(Data entries)
Segment Open
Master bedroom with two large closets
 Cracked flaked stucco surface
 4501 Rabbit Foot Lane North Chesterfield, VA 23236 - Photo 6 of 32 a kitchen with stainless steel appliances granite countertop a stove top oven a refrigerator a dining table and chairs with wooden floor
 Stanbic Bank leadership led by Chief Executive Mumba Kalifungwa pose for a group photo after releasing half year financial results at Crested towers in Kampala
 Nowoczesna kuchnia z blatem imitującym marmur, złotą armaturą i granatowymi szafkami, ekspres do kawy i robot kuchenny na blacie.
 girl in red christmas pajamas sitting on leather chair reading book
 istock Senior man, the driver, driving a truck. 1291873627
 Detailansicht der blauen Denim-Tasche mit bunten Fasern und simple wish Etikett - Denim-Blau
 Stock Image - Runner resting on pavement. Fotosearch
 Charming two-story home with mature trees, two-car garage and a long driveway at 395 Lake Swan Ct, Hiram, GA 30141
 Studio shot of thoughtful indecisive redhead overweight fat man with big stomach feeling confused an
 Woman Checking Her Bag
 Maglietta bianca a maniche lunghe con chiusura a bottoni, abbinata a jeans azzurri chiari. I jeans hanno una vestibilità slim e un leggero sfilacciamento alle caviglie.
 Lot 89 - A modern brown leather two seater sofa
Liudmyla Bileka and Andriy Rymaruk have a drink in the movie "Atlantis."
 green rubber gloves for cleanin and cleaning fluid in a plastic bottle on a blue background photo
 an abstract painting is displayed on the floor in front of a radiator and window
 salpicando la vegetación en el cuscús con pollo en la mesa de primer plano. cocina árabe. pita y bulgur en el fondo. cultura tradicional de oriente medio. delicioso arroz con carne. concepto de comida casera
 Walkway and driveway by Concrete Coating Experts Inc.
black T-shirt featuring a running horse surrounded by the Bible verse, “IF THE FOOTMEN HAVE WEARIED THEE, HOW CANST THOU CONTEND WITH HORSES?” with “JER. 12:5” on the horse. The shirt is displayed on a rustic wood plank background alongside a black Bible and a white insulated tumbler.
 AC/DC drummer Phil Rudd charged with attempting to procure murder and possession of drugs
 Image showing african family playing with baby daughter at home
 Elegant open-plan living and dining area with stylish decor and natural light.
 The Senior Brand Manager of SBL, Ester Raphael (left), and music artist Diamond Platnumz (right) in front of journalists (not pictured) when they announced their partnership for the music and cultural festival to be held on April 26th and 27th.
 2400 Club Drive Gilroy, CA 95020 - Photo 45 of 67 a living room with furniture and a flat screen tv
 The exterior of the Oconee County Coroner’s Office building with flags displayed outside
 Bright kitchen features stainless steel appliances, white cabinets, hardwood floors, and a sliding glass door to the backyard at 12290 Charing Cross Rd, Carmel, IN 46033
Segment Closed
EXERCISE BRIEF
Go line by line through the records and copy those that contain the word "home".

RESPONSE AREA
 Charming two-story home with mature trees, two-car garage and a long driveway at 395 Lake Swan Ct, Hiram, GA 30141
 Image showing african family playing with baby daughter at home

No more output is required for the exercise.